# Exercise instructions
The lines to be extracted run from the start of the listing through the line containing "Wear Salwar Kameez"; copy them exactly and nothing else.

# Information provided
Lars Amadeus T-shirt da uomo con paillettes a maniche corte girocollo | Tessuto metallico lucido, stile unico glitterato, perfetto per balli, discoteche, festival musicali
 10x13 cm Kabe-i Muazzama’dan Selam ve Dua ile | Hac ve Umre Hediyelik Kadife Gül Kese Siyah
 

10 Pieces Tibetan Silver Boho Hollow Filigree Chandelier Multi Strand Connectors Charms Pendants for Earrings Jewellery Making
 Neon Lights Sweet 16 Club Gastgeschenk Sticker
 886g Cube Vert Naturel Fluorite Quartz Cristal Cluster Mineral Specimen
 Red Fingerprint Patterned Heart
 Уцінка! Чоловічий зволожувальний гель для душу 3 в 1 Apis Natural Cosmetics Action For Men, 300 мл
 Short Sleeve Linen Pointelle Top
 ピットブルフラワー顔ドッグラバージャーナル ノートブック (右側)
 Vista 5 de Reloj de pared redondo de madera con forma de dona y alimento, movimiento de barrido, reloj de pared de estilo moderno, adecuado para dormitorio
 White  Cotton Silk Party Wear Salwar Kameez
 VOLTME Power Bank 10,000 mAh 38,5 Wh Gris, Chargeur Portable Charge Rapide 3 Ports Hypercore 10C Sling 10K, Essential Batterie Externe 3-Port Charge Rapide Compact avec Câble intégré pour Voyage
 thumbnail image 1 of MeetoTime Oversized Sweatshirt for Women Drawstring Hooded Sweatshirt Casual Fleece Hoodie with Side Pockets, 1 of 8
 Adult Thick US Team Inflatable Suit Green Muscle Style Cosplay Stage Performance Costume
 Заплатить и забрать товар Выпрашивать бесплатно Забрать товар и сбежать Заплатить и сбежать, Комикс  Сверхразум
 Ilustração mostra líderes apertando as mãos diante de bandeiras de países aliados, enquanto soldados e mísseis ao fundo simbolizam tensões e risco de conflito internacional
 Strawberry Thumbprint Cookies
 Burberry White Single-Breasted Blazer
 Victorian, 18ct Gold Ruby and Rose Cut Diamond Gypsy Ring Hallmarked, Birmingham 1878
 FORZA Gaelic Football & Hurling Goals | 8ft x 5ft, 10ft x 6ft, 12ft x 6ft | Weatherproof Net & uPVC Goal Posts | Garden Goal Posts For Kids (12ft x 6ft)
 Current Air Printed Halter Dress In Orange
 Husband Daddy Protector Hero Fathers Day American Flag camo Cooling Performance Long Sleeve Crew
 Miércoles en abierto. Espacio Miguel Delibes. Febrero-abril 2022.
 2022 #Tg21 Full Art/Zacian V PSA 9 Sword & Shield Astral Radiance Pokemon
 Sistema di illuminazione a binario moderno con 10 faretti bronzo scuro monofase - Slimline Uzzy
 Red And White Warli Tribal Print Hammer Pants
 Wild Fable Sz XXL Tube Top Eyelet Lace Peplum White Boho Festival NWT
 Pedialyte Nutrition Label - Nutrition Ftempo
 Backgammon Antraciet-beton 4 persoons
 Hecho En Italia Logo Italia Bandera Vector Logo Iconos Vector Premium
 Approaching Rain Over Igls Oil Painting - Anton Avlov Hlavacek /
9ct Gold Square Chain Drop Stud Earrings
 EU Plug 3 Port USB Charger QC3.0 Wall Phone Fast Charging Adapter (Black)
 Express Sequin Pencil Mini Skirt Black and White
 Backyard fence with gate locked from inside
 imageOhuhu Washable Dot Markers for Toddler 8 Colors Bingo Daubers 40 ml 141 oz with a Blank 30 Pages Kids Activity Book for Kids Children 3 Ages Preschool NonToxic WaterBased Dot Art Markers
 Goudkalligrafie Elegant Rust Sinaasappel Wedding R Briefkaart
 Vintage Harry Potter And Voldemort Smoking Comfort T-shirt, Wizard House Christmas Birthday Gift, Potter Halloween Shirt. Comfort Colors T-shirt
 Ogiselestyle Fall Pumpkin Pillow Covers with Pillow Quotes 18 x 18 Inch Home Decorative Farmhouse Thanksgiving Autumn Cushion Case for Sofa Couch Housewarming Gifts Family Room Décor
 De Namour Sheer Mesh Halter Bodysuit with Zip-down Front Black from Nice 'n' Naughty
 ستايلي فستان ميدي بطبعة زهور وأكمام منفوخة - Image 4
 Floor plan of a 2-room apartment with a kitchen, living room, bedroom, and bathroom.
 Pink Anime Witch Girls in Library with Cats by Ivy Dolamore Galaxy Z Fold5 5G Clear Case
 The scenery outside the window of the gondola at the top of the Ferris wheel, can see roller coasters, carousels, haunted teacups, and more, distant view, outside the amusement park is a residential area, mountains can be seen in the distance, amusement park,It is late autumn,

# Reply to the exercise
Lars Amadeus T-shirt da uomo con paillettes a maniche corte girocollo | Tessuto metallico lucido, stile unico glitterato, perfetto per balli, discoteche, festival musicali
 10x13 cm Kabe-i Muazzama’dan Selam ve Dua ile | Hac ve Umre Hediyelik Kadife Gül Kese Siyah
 

10 Pieces Tibetan Silver Boho Hollow Filigree Chandelier Multi Strand Connectors Charms Pendants for Earrings Jewellery Making
 Neon Lights Sweet 16 Club Gastgeschenk Sticker
 886g Cube Vert Naturel Fluorite Quartz Cristal Cluster Mineral Specimen
 Red Fingerprint Patterned Heart
 Уцінка! Чоловічий зволожувальний гель для душу 3 в 1 Apis Natural Cosmetics Action For Men, 300 мл
 Short Sleeve Linen Pointelle Top
 ピットブルフラワー顔ドッグラバージャーナル ノートブック (右側)
 Vista 5 de Reloj de pared redondo de madera con forma de dona y alimento, movimiento de barrido, reloj de pared de estilo moderno, adecuado para dormitorio
 White  Cotton Silk Party Wear Salwar Kameez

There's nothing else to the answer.